Call the defined GOMO model in the __main__ function.

...
from src.GOMO import GOMO
...
if __name__ == "__main__":
    ...
   # define GOMO model
    Model = GOMO(im=im, jm=jm, kb=kb, stencil_width=stencil_width, variable=variable, x_d=x_d, y_d=y_d, z_d=z_d,
                 q2b=q2b, q2lb=q2lb, aam=aam, cbc=cbc, rmean=rmean)
    ...

Training Grid

Running Script

After the training script is defined, call the shell script in the scripts directory to start training. Run the following command to execute the script:

sh run_distribute_train.sh <im> <jm> <kb> <step> <DATASET_PATH>

Pass the variables im, jm, kb, step and DATASET_PATH to the script, where:

  • im, jm, kb: resolution of the simulated ocean region, which is related to the used data (the data resolution im, jm and kb given in the example are 65, 49 and 21, respectively).

  • step: number of time steps during training (corresponding to iend in Figure 1).

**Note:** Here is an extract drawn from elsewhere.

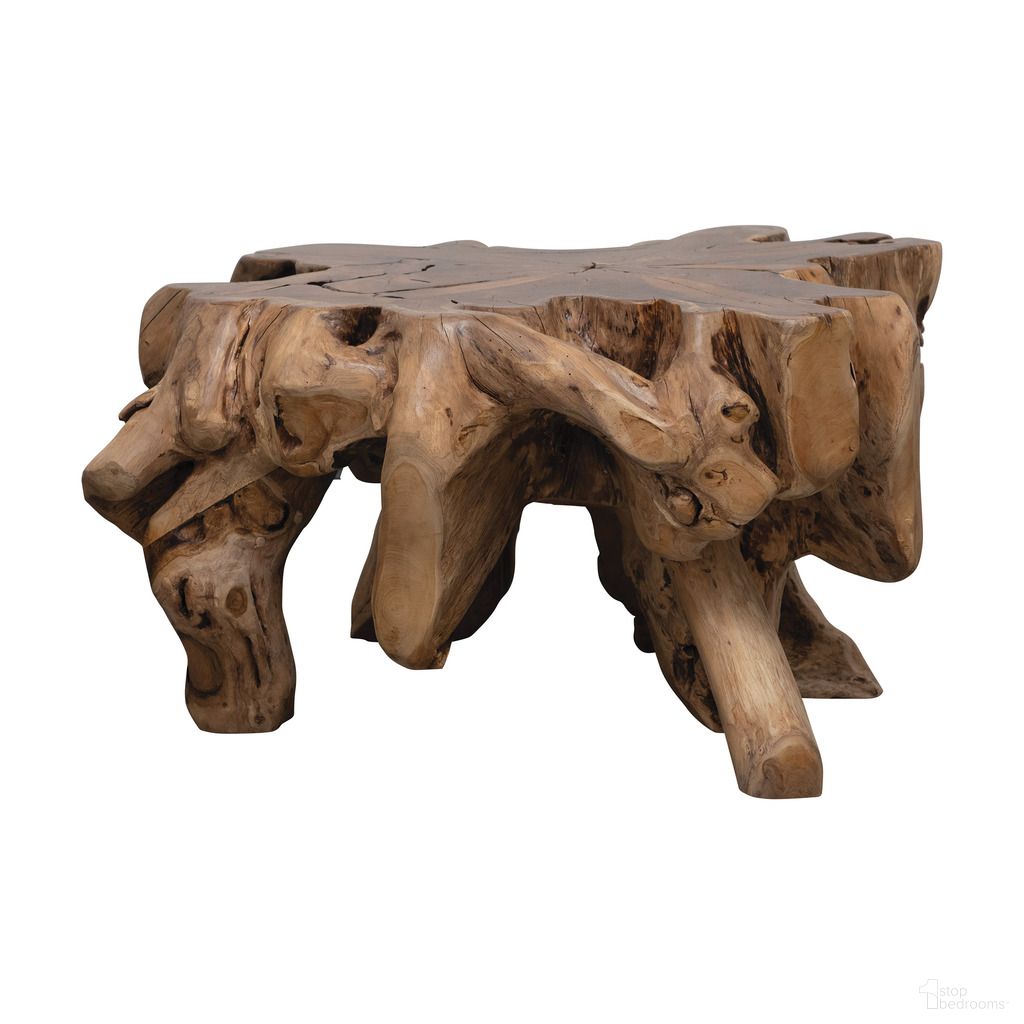 Bisbee Teak Root Organic Round Shaped Coffee Table In Natural
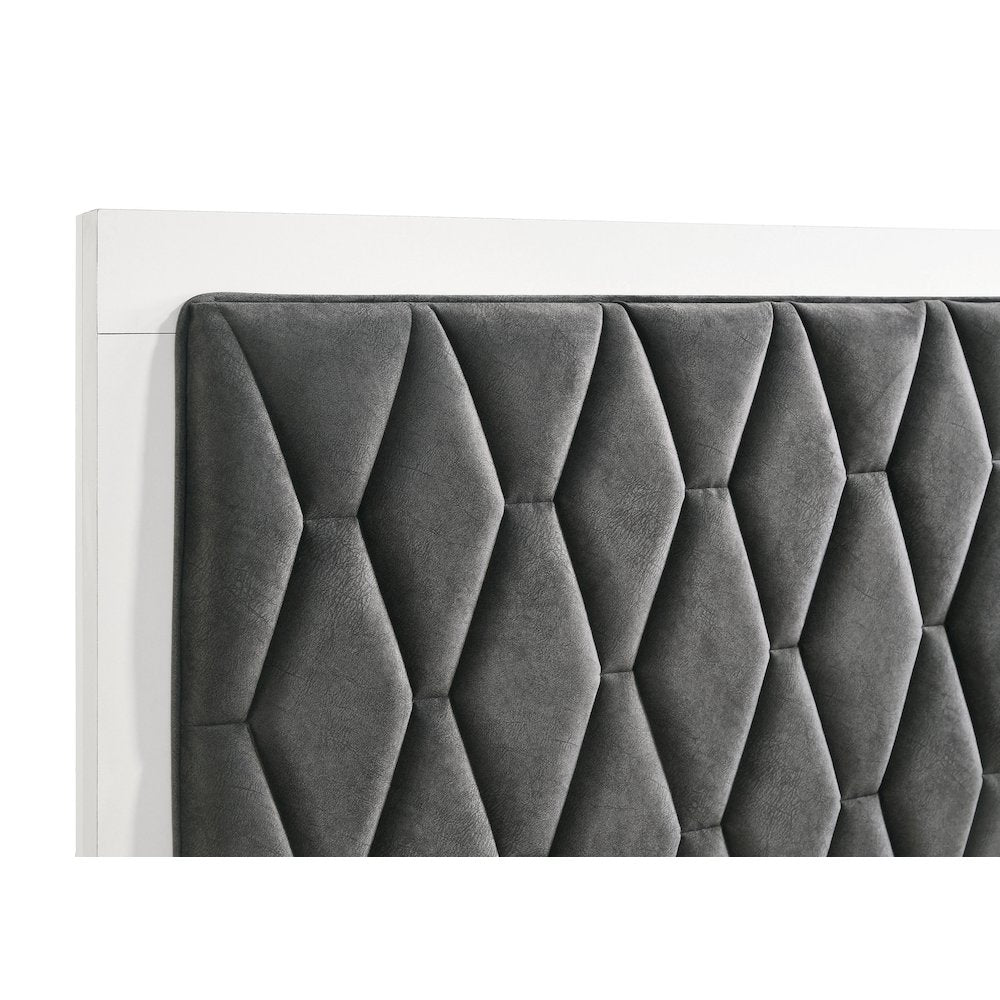 Taraval White Queen Upholstered Panel Bed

  • DATASET_PATH: training data path.

After the training is complete, the variable change values during the training are saved in the train/outputs directory. The following four variable values are saved every five time steps: east wind velocity (unit: m/s), north wind velocity (unit: m/s), position temperature (unit: K), and sea surface elevation (unit: m).

└─outputs
    ├─u_5.npy
    ├─v_5.npy
    ├─t_5.npy
    ├─et_5.npy
    ├─u_10.npy
    ├─v_10.npy
    ├─t_10.npy
    ├─et_10.npy

In the preceding information: *.npy: saved variables. File name format: Variable name_Step count.npy.

References

  1. Huang X, Huang X, Wang D, et al. OpenArray v1. 0: a simple operator library for the decoupling of ocean modeling and parallel computing[J]. Geoscientific Model Development, 2019, 12(11).

  2. Blumberg A F, Mellor G L. A description of a three‐dimensional coastal ocean circulation model[J]. Three‐dimensional coastal ocean models, 1987, 4: 1-16.

  3. Beckmann A, Haidvogel D B. Numerical simulation of flow around a tall isolated seamount. Part I: Problem formulation and model accuracy[J]. Journal of Physical Oceanography, 1993, 23(8): 1736-1753.